Inside the Cape Town International Convention Centre, the hundreds of WEF participants – most of them men fashionably clad in navy or midnight blue, ultra-fashionable Armani and Hugo Boss power suits – kept moving from meeting room to meeting room, and from buffet table to buffet table. Meanwhile, just three blocks from this gathering of the rich and the powerful, and after a full day of all this worthy, high-minded gabble, the writer was driving past a nearby building, just a minute or two from the WEF meeting site. There, sheltered in the alcove of that building’s delivery entrance, stood a dishevelled, shivering man, literally wearing nothing but a green, recyclable plastic rubbish bag. He had no other possessions. Not one.

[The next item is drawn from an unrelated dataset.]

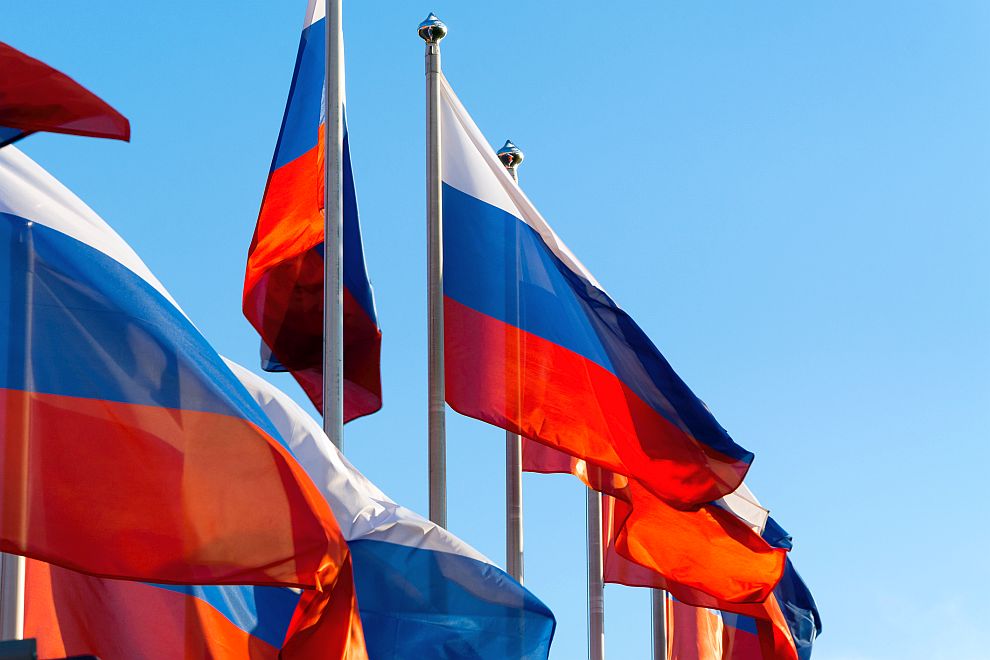 От Столична община премахват поставени руски знамена по стълбове на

Now, yes, of course, one could also say, there are dreadfully poor people everywhere. They are to be found in every great city of the world. And it is true it would be relatively easy to find an horrifically poor person just a few blocks from the UN headquarters in New York City, from the US Capitol Building in Washington, or near the Kremlin in Moscow – let alone in every big city in Africa. But what was astonishing was the virtual absence of any kind of dissent, let alone protest, at this meeting in Cape Town; the lack of any voice that could be presumed to speak for that rubbish bag-clad man and the rest of his kind among the continent’s destitute, dispirited and displaced.
Compare the consensual quiescence at this WEF to the pitched battles that have been the norm at WTO negotiations, at so many World Bank/IMF meetings, or even those Occupy Wall Street-style demonstrations or the anti-austerity riots that are everyday occurrences in some European nations. By contrast, at this WEF meeting, not a single picket was to be found.
No one had to dodge tear gas-flavoured, fervent dust-ups between the police and demonstrators. In fact, there was no direct action by anyone – no angst or anger from the Landless People’s Movement or from the Khulamani Support Group. There was no presence by the SA NGO Support Network. There were no marches by the NUM, Cosatu, or Amcu. There weren’t even any entertaining guerilla theatre groups trying to hang in effigy caricatures of the faceless leadership of Lonmin, Glencore, Placer Dome, Anglo, Mitsubishi, the China National Oil Company, Shell, Exxon-Mobil, Total, or Xtrata, (let alone the political mafiosa bands that have been treating countries like Equatorial Guinea as their very own personal satrapies for decades) for their presumed roles in Africa.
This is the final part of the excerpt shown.